November 20th, 2025

In the news today: PM aims for trade and investment in UAE, AI tech bubble to burst?


By Canadian Press on November 20, 2025.

Here is a roundup of stories from The Canadian Press designed to bring you up to speed…

Carney to advance trade talks in UAE

Prime Minister Mark Carney is in Abu Dhabi, where he is expected to advance trade and investment ties with the United Arab Emirates.

Senior officials, who briefed reporters travelling to cover the prime minister’s trip, say Carney plans to finalize by Friday a foreign investment protection agreement with the UAE.

Such an agreement would set out rules on private sector deals to encourage larger investments.

The officials also say both countries are planning to formally launch negotiations on a free trade deal which would cover most sectors of their economies.

Carney’s visit comes just one month after the two countries signed an agreement to boost collaboration on artificial intelligence and data centres.

Tech leaders downplay warnings of AI ‘bubble’

The rapid growth of artificial intelligence has led to warnings from some observers of a “bubble” destined to burst, but tech leaders say there’s good reason to believe the sector won’t suffer the same fate as the dot-com crash of the early 2000s.

There are key differences between the application of AI infrastructure still being built and the internet boom of the late 1990s, said Nvidia senior vice-president of networking Kevin Deierling. Back then, everything needed to be built from scratch and companies weren’t immediately ready to use the technology.

“There was a lag,” said Deierling, speaking in Toronto on Wednesday alongside other tech sector executives on the sidelines of the Cisco Connect conference.

“All of a sudden I have all this bandwidth for the internet and the dot-com era, but now I actually need Amazon and Uber and Netflix and all of these other businesses.”

Alberta teachers head to court in labour dispute

Alberta’s teachers are heading to court today to try to get a judge to take immediate action on a provincial law ordering them back to work.

Lawyers for the Alberta Teachers’ Association will ask a judge to temporarily set aside all or part of a bill passed three weeks ago by Premier Danielle Smith’s government that ended a provincewide strike by 51,000 teachers.

They want the bill put on hold pending a full airing in court of the issues involved.

The bill also imposed on the teachers a collective bargaining agreement rank-and-file teachers had earlier rejected and invoked the Charter’s notwithstanding clause to shield it from legal challenge.

Advocates disappointed with lack of IVF funding

Fertility advocates say they’re disappointed the Liberal government did not make good on its campaign promise to fund in vitro fertilization treatments in the recent federal budget.

The Liberals pledged in April to create a program to provide up to $20,000 per cycle of IVF, something they estimated would cost $103 million annually starting this fiscal year.

There’s no mention of IVF in the federal budget.

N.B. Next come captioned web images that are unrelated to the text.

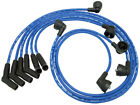 Spark Plug Wire Set Ngk 52024 Fits 99-00 Ford Mustang 3.8L-V6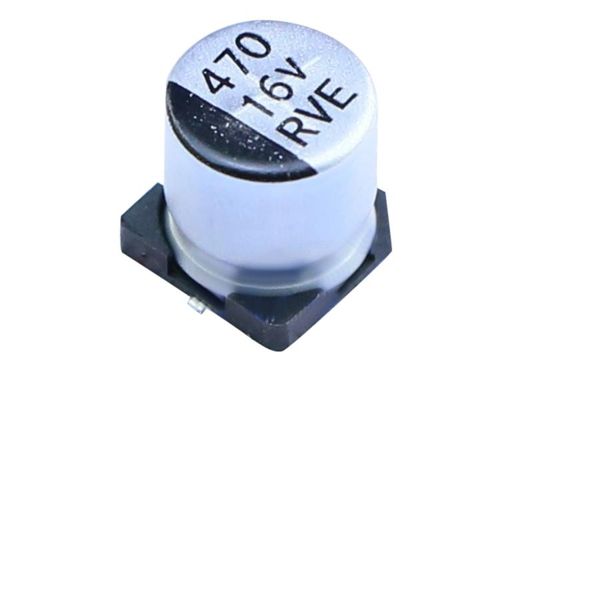 RVE1C471M1010 electronic component of Honor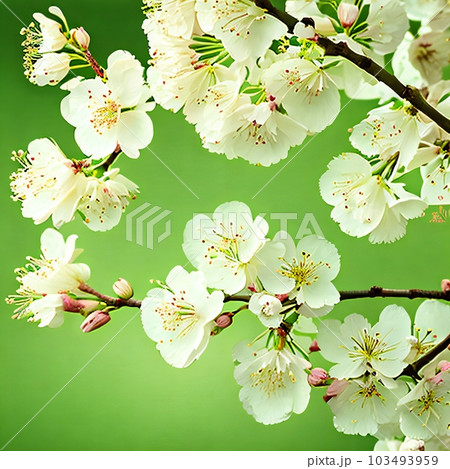 Beautiful Flower  103493959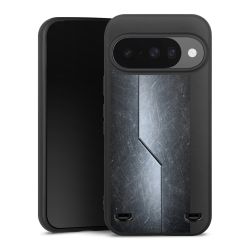 New Carry Case Hülle mattschwarz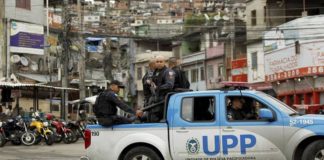 Fim das UPPs é aprovado pela Alerj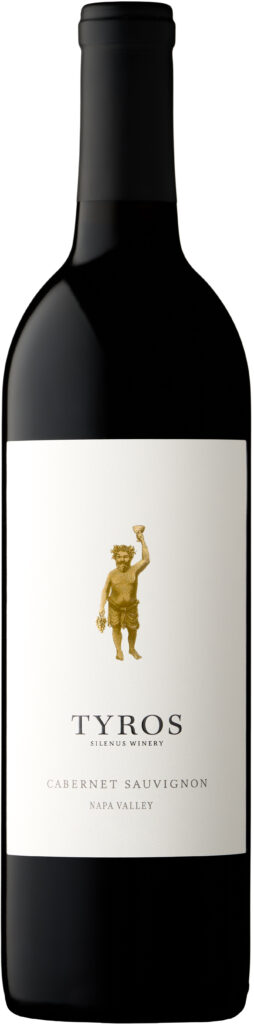 Silenus Tyros-Cabernet-Sauvignon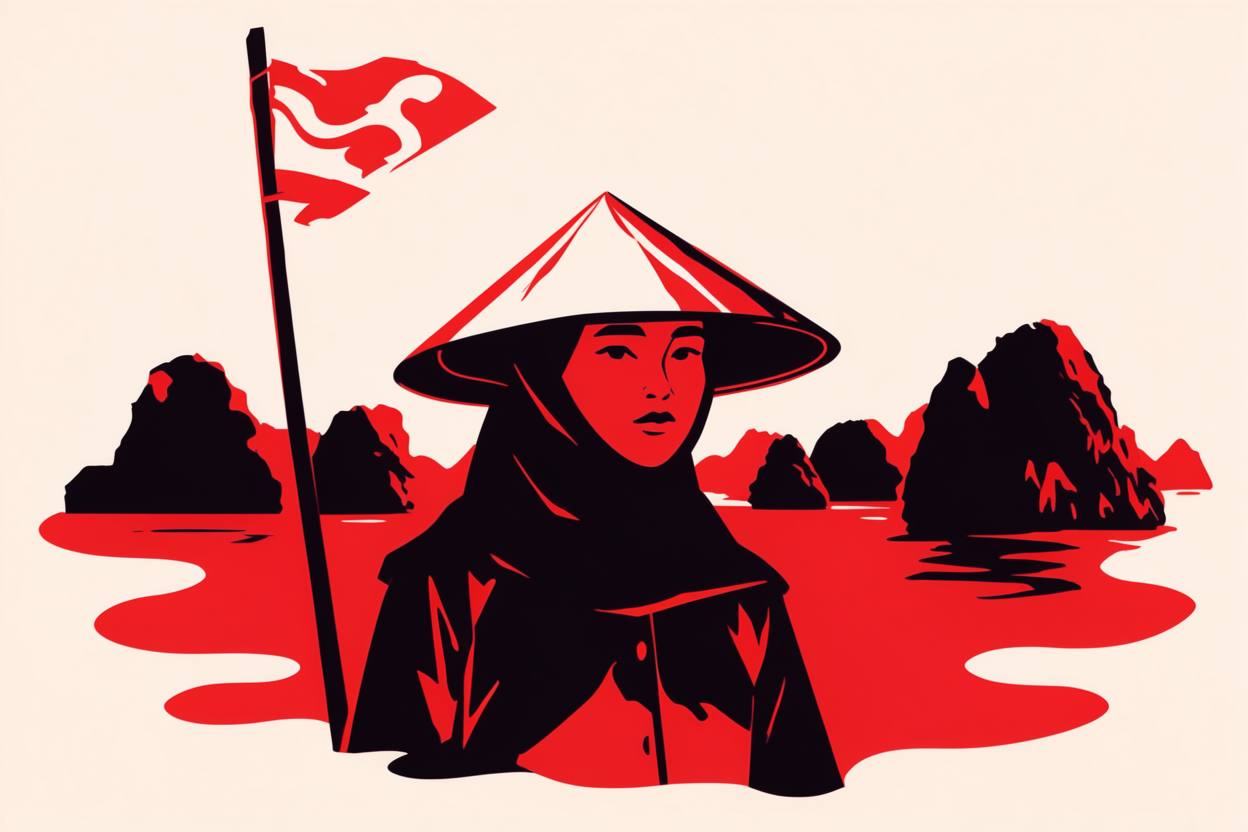 Vietnam Just Became a Real Emerging-Market Investment Story
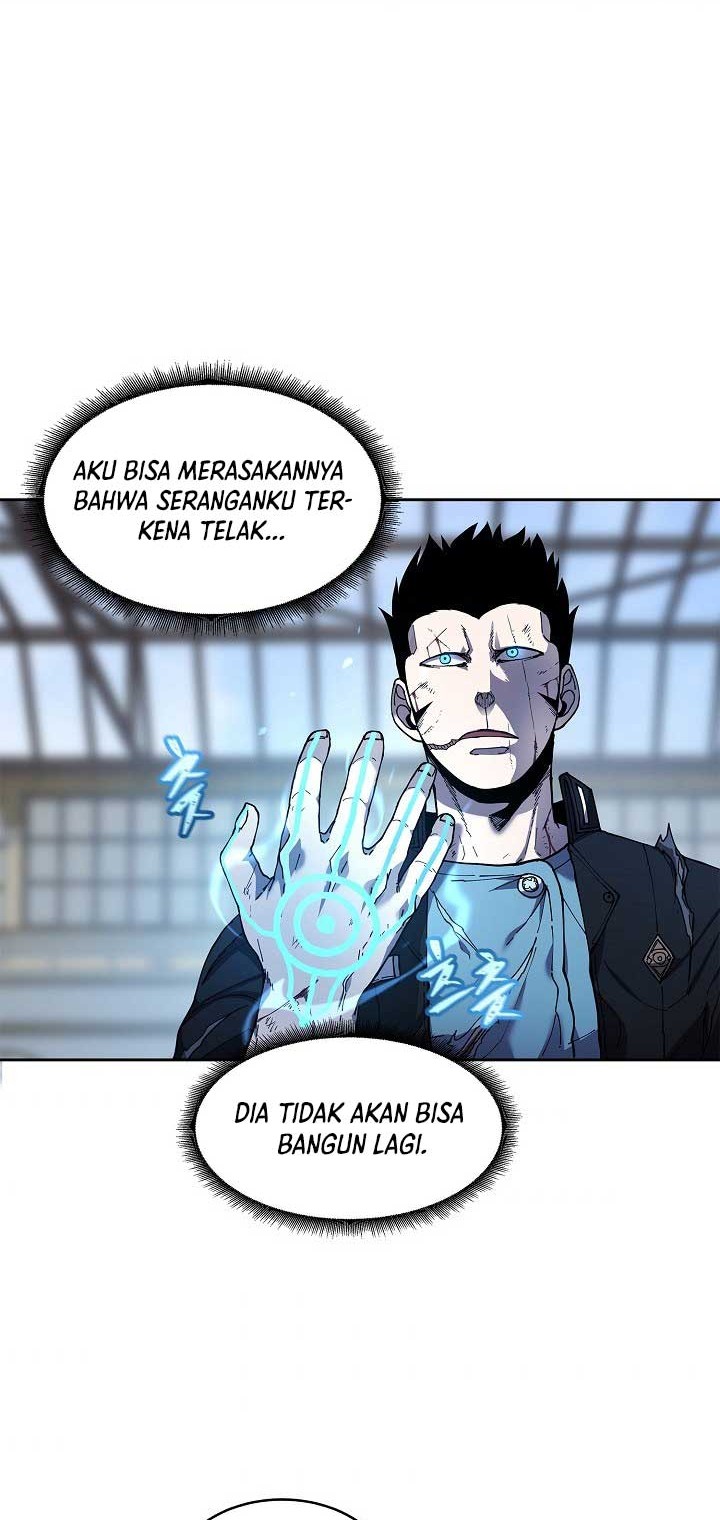 Shaman Chapter 30 Gambar 19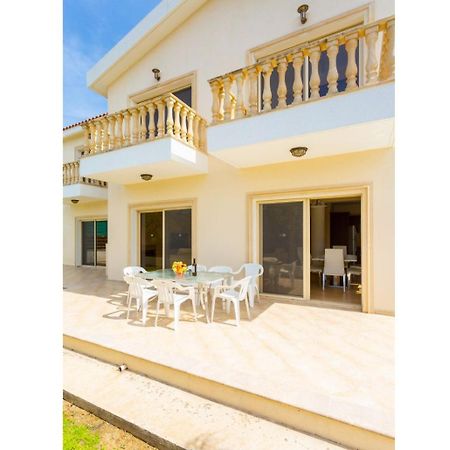 Villa Rose Paphos Eksteriør billede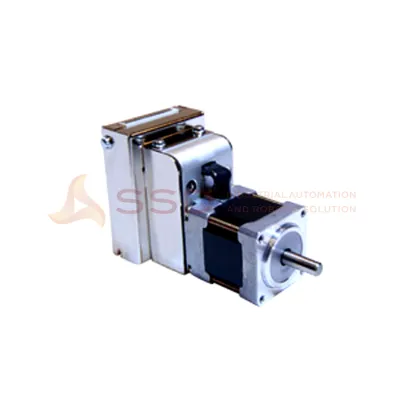 Stepping Motor Cool Muscle - CM1-11S30A Series distributor produk otomasi dan robotik motor drive stepping motor cool muscle cm1 11s30a series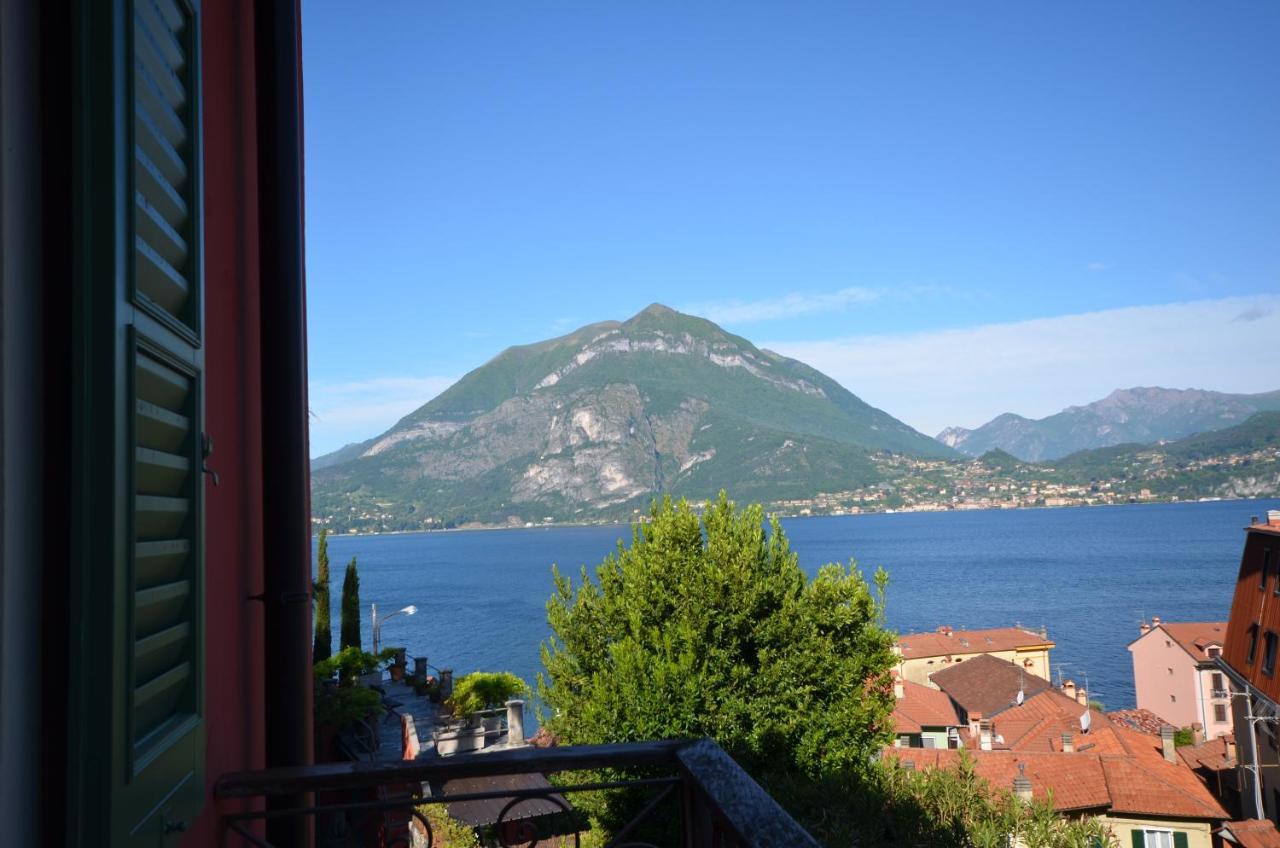 Varenna Villa Ranierihome Esterno foto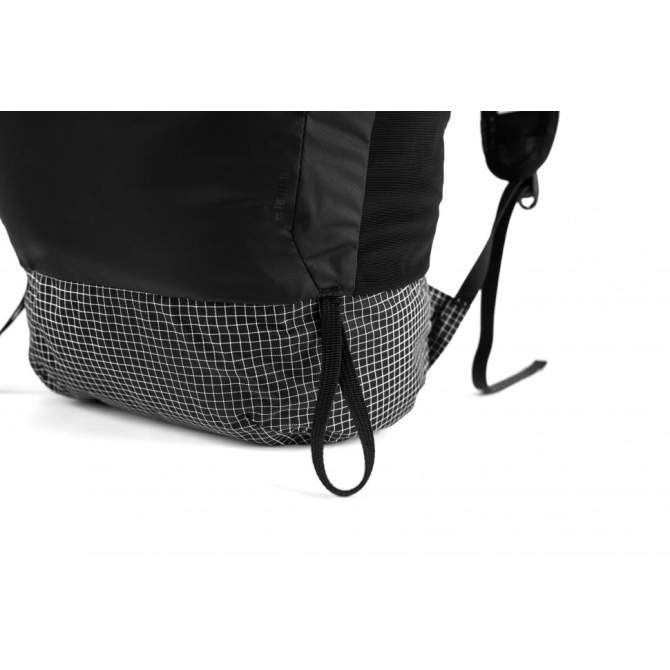 Matador FREEFLY Duffle 16L, чёрный
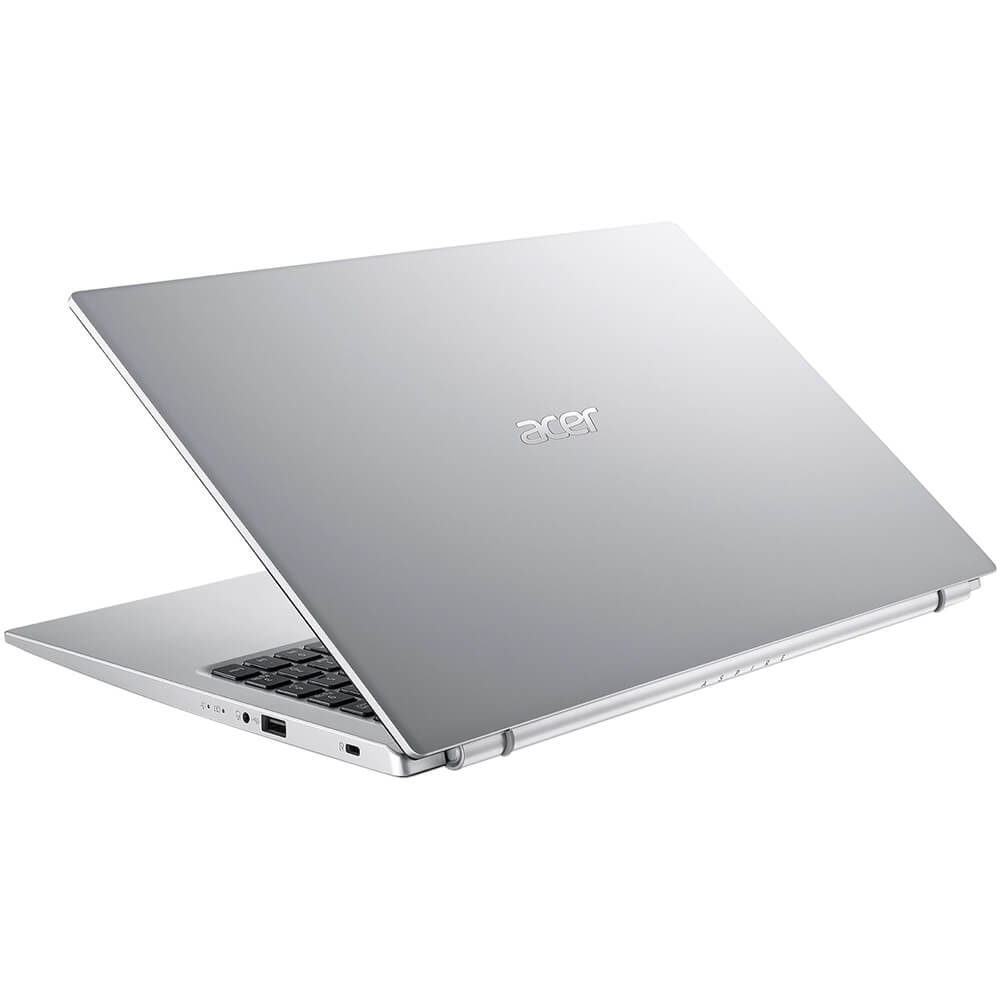Ноутбук Acer Aspire 3 A315-58-5427 серебристый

The office of Health Minister Marjorie Michel would only say the government knows the cost of such treatments presents a challenge for many Canadians and it would have more to say “in due course” — the same response it has provided since the election.

Trump signs bill to release Jeffrey Epstein case files after fighting it for months

U.S. President Donald Trump signed legislation Wednesday that compels his administration to release files on convicted sex offender Jeffrey Epstein, bowing to political pressure from his own party after initially resisting those efforts.

Trump could have chosen to release many of the files on his own months ago.

“Democrats have used the ‘Epstein’ issue, which affects them far more than the Republican Party, in order to try and distract from our AMAZING Victories,” Trump said in a social media post as he announced he had signed the bill.

Now, the bill requires the Justice Department to release all files and communications related to Epstein, as well as any information about the investigation into his death in a federal prison in 2019, within 30 days. It allows for redactions about Epstein’s victims for ongoing federal investigations, but DOJ cannot withhold information due to “embarrassment, reputational harm, or political sensitivity.”

PWHL players open up about fallout of expansion

For Toronto Sceptres captain Blayre Turnbull, it was upsetting, sad and stressful.

Ottawa Charge forward Emily Clark said it was “a lot to process” after the Walter Cup final loss.

For players across the PWHL, the expansion process was a wake-up call to the business side of the league.

With the Vancouver Goldeneyes and Seattle Torrent entering the fold, many players found new homes — including stars Hilary Knight in Seattle and Sarah Nurse in Vancouver. Nurse starred for the Sceptres in the league’s first two seasons.